From: Ric Wheeler <ric@emc.com>
Subject: batching support for transactions
Date: Tue, 02 Oct 2007 08:57:53 -0400
Message-ID: <47024051.2030303@emc.com>
Reply-To: ric@emc.com
Mime-Version: 1.0
Content-Type: text/plain; charset=ISO-8859-1; format=flowed
Content-Transfer-Encoding: 7bit
Cc: "Feld, Andy" <Feld_Andy@emc.com>,
	Jens Axboe <jens.axboe@oracle.com>
To: linux-fsdevel@vger.kernel.org, linux-ext4@vger.kernel.org,
	reiserfs-devel@vger.kernel.org
Return-path: <linux-fsdevel-owner@vger.kernel.org>
Sender: linux-fsdevel-owner@vger.kernel.org
List-Id: linux-ext4.vger.kernel.org


After several years of helping tune file systems for normal (ATA/S-ATA) 
drives, we have been doing some performance work on ext3 & reiserfs on 
disk arrays.

One thing that jumps out is that the way we currently batch synchronous 
work loads into transactions does really horrible things to performance 
for storage devices which have really low latency.

For example, one a mid-range clariion box, we can use a single thread to 
write around 750 (10240 byte) files/sec to a single directory in ext3. 
That gives us an average time around 1.3ms per file.

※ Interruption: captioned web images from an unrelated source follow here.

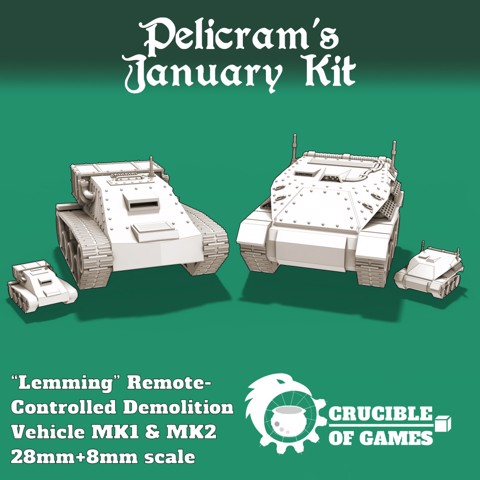 Image of Lemming demolition vehicle MK1&MK2
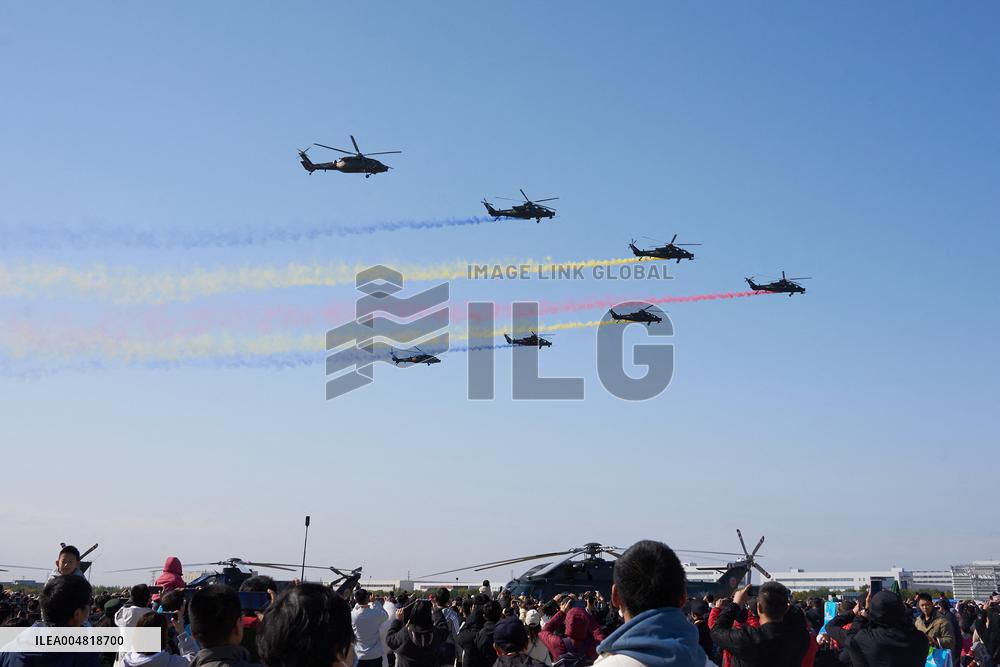 Helicopter Exposition - Tianjin
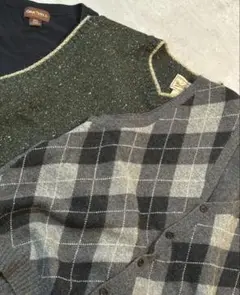 【アメリカ輸入】　US古着　2XL〜5XL ベスト3点セット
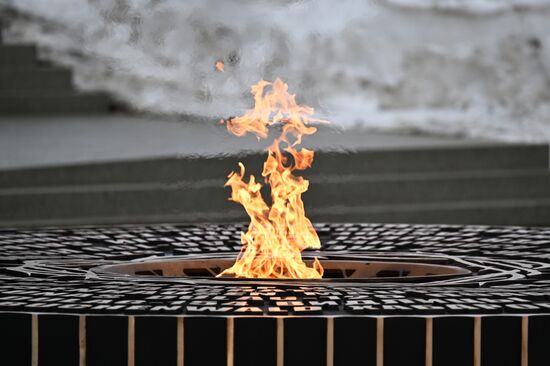 Церемония открытия мемориала в память о мирных жителях СССР – жертвах нацистского геноцида в годы Великой Отечественной войны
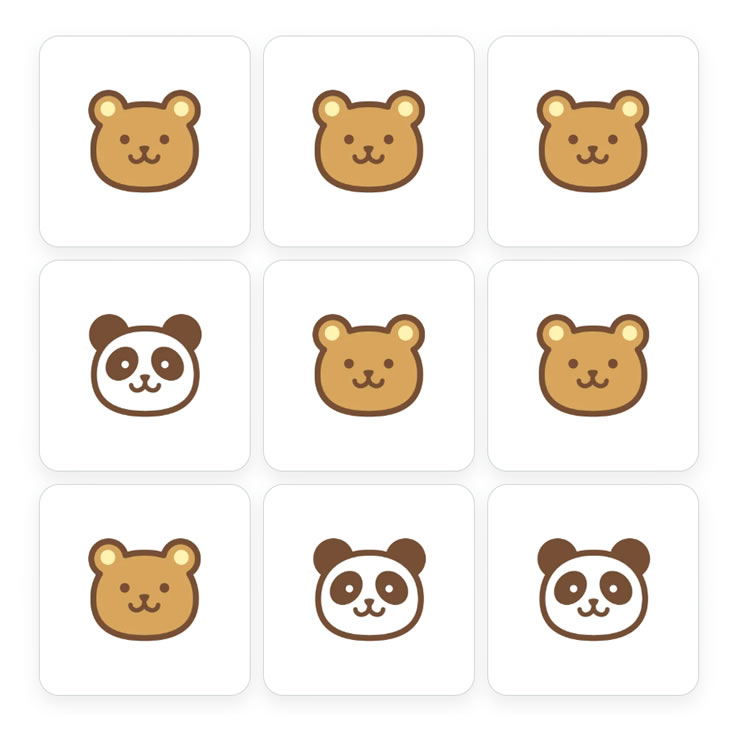 いちばん多い動物を選ぼう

With 2 threads writing to the same directory, we instantly drop down to 
234 files/sec.

The culprit seems to be the assumptions in journal_stop() which throw in 
a call to schedule_timeout_uninterruptible(1):

         /*
          * Implement synchronous transaction batching.  If the handle
          * was synchronous, don't force a commit immediately.  Let's
          * yield and let another thread piggyback onto this transaction.
          * Keep doing that while new threads continue to arrive.
          * It doesn't cost much - we're about to run a commit and sleep
          * on IO anyway.  Speeds up many-threaded, many-dir operations
          * by 30x or more...
          *
          * But don't do this if this process was the most recent one to
          * perform a synchronous write.  We do this to detect the case 
where a
          * single process is doing a stream of sync writes.  No point 
in waiting
          * for joiners in that case.
          */
         pid = current->pid;
         if (handle->h_sync && journal->j_last_sync_writer != pid) {
                 journal->j_last_sync_writer = pid;
                 do {
                         old_handle_count = transaction->t_handle_count;
                         schedule_timeout_uninterruptible(1);
                 } while (old_handle_count != transaction->t_handle_count);
         }


reiserfs and ext4 have similar if not exactly the same logic.

What seems to be needed here is either a static per file system/storage 
device tunable to allow us to change this timeout (maybe with "0" 
defaulting back to the old reiserfs trick of simply doing a yield()?) or 
a more dynamic, per device way to keep track of the average time it 
takes to commit a transaction to disk. Based on that rate, we could 
dynamically adjust our logic to account for lower latency devices.

A couple of last thoughts. One, if for some reason you don't have a low 
latency storage array handy and want to test this for yourselves, you 
can test the worst case by using a ram disk.

The test we used was fs_mark with 10240 bytes files, writing to one 
shared directory with varying the numbers of threads from 1 up to 40. In 
the ext3 case, it takes 8 concurrent threads to catch up to the single 
thread writing case.

We are continuing to play with the code and try out some ideas, but I 
wanted to bounce this off the broader list to see if this makes sense...

ric